Ketua Umum Perhimpunan Hotel dan Restoran Indonesia (PHRI), Hariyadi Sukamdani, menyampaikan bahwa langkah efisiensi anggaran yang diambil pemerintah akan berdampak besar bagi sektor perhotelan dan restoran di Indonesia.
Berdasarkan perhitungannya, pemotongan anggaran ini dapat menimbulkan potensi kerugian hingga Rp 24,8 triliun per tahun, yang berasal dari sektor akomodasi dan kegiatan rapat atau pertemuan.
“Dari sektor akomodasi saja, potensi kerugian bisa mencapai Rp 16,538 triliun, sementara untuk kegiatan pertemuan sekitar Rp 8,26 triliun,” ungkap Hariyadi, seperti laporan Katadata pada Kamis (13/2).
Perhitungan tersebut didasarkan pada jumlah kamar hotel bintang tiga hingga lima yang terdampak. Saat ini, terdapat 50.813 kamar di hotel bintang lima, 122.860 kamar di hotel bintang empat, dan 134.348 kamar di hotel bintang tiga yang berisiko mengalami penurunan okupansi.
Potensi kerugian ini setara dengan sekitar 40% tingkat hunian hotel secara nasional dan 70% pangsa pasar pemerintah di daerah. “Dampak dari efisiensi anggaran ini akan terasa sangat signifikan,” jelasnya.
Hariyadi juga menambahkan bahwa kerugian yang dialami oleh sektor hotel dan restoran akan memengaruhi pendapatan asli daerah (PAD).
Pasalnya, sektor perhotelan memiliki rantai pasok yang luas, mulai dari pertanian, peternakan, hingga usaha mikro, kecil, dan menengah (UMKM).
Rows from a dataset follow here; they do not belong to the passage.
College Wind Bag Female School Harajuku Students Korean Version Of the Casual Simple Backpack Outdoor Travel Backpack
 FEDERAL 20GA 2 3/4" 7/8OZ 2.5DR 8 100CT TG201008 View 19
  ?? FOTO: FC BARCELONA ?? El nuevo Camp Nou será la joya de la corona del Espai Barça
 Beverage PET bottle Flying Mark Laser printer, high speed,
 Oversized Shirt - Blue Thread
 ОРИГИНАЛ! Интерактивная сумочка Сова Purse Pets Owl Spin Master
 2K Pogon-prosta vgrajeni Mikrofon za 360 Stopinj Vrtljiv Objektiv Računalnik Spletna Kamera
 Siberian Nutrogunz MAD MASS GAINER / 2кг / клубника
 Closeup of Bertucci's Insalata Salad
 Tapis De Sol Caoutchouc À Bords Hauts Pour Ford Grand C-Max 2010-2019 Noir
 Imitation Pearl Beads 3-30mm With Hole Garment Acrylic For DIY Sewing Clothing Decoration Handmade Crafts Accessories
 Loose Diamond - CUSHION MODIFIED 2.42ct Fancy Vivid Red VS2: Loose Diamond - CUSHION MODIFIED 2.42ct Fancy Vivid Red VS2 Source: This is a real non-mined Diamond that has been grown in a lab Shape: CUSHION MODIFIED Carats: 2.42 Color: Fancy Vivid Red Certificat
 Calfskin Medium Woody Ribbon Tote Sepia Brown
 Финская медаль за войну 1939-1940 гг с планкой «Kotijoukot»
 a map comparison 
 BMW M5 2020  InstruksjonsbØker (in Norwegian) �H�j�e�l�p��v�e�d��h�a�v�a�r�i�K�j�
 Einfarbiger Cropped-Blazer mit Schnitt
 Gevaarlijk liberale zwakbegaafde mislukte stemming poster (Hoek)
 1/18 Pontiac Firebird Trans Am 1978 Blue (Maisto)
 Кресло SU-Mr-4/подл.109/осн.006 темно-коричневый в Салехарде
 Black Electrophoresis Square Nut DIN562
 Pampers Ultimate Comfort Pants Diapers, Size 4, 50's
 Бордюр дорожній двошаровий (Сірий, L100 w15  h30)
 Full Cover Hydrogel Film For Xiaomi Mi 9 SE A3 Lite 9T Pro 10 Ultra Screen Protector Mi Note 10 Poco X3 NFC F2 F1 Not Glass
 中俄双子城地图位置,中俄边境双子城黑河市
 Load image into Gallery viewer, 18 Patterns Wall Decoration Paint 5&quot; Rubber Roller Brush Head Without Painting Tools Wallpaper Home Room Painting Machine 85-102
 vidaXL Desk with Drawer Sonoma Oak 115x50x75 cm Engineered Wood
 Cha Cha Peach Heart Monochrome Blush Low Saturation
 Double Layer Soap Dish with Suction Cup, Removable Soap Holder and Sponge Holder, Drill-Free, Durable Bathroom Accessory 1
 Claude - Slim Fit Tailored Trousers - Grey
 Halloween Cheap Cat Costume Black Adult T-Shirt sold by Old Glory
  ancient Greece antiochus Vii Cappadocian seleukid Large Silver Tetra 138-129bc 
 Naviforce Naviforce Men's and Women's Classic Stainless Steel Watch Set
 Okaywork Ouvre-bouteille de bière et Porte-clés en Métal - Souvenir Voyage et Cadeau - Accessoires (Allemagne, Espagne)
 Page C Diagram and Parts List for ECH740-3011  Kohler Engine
“Pajak dari hotel dan restoran selalu berada di peringkat lima besar penyumbang PAD, bahkan di beberapa daerah ada yang masuk tiga besar,” ujar Hariyadi.
Selain itu, efisiensi anggaran pemerintah juga berpotensi mengarah pada pemutusan hubungan kerja (PHK) di sektor ini dalam jangka panjang, meskipun hingga saat ini hal tersebut belum terjadi.
“Jika efisiensi ini berlanjut, PHK kemungkinan besar akan dilakukan,” tambahnya. Dalam situasi ini, sektor hotel berada dalam posisi bertahan demi kelangsungan operasionalnya.
Presiden Prabowo Subianto telah menginstruksikan kementerian dan lembaga untuk melakukan penghematan anggaran dalam pelaksanaan APBN 2025.
Instruksi tersebut tercantum dalam Instruksi Presiden Nomor 1 Tahun 2025 yang mengatur efisiensi belanja dalam pelaksanaan APBN dan APBD tahun 2025.
Pemerintah menargetkan total penghematan anggaran sebesar Rp 306,69 triliun, dengan rincian penghematan anggaran kementerian dan lembaga sebesar Rp 256,1 triliun dan penghematan transfer ke daerah sebesar Rp 50,59 triliun. Salah satu langkah efisiensi yang dilakukan adalah pemangkasan anggaran perjalanan dinas sebesar 50%.